Chronic Pain
More than 100 million Americans suffer from the distress and limitations of chronic pain. More than all of those suffer from diabetes, heart disease and cancer. Medical costs and lost productivity and exceeds $600 billion annual. In addition to any financial considerations for the larger society, there are significant personal and family cost for an individual suffering from chronic pain. There is the loss of income, diminished physical and leisure activities, greatly disturbed relationships, lack of adequate sleep, declining health in other areas, emotional distress and a loss of quality of life in general.
Pain-focused thinking, beliefs and attitudes begin to dominate the day-to-day experience of the Chronic Pain sufferer.
On the surface chronic pain seems to be primarily a physical condition, but when we look deeper, pain, particularly persistent pain, becomes embedded in emotions and the mind. In fact, what is remarkable, but too often overlooked, is that one’s mental state of thoughts, beliefs, attitudes and feeling is often the largest regulator of the perceived level pain.
Mind Based Chronic Pain
An area that initially caused acute pain may be healed and the initial reason for pain as a protective warning signal resolved. Unfortunately, if acute pain is around for 3 to 6 months there becomes an increasing risk of developing Chronic Pain.

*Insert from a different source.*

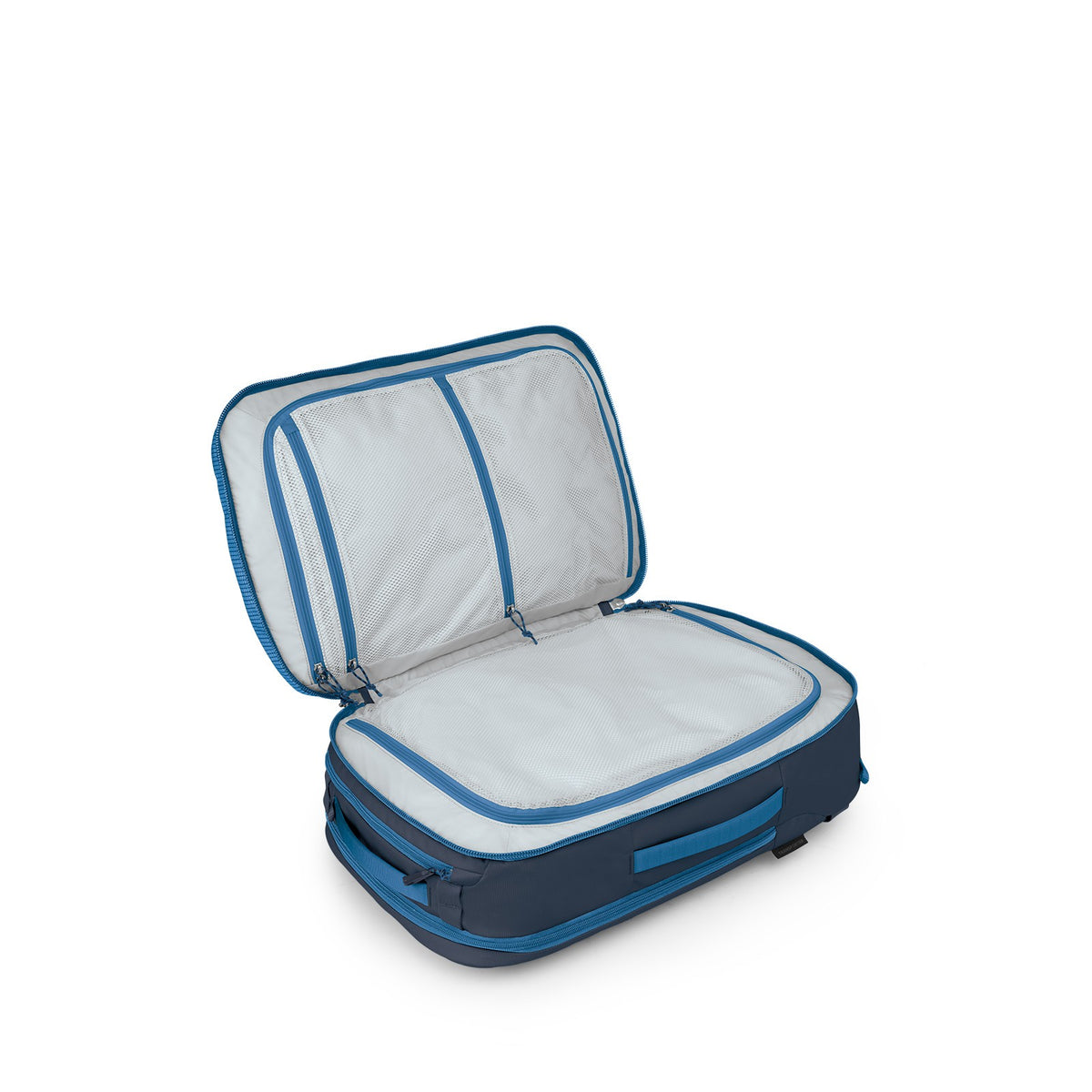 Osprey Transporter Travel Pack 44L in Blue Flame / Nocturnal Blue — angle view 3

The experience of pain migrates from a home in the neuro-network of somatic (body associated) regions of the brain to the executive (story making and belief) regions of the brain. As a home is created and embellished in the thought and story holding parts of the Chronic Pain become more thoroughly embedded. In time, conscious and unconscious thoughts, belief, attitudes and emotions become the primary driving force of Chronic Pain.
This type of long-term prolonged pain can be understood as “mind based Chronic Pain. The power of humans to hold onto and relish stories is fundamentally the root persistent mind based chronic pain. Every instance of mind based Chronic Pain has an array of underlying beliefs and stories.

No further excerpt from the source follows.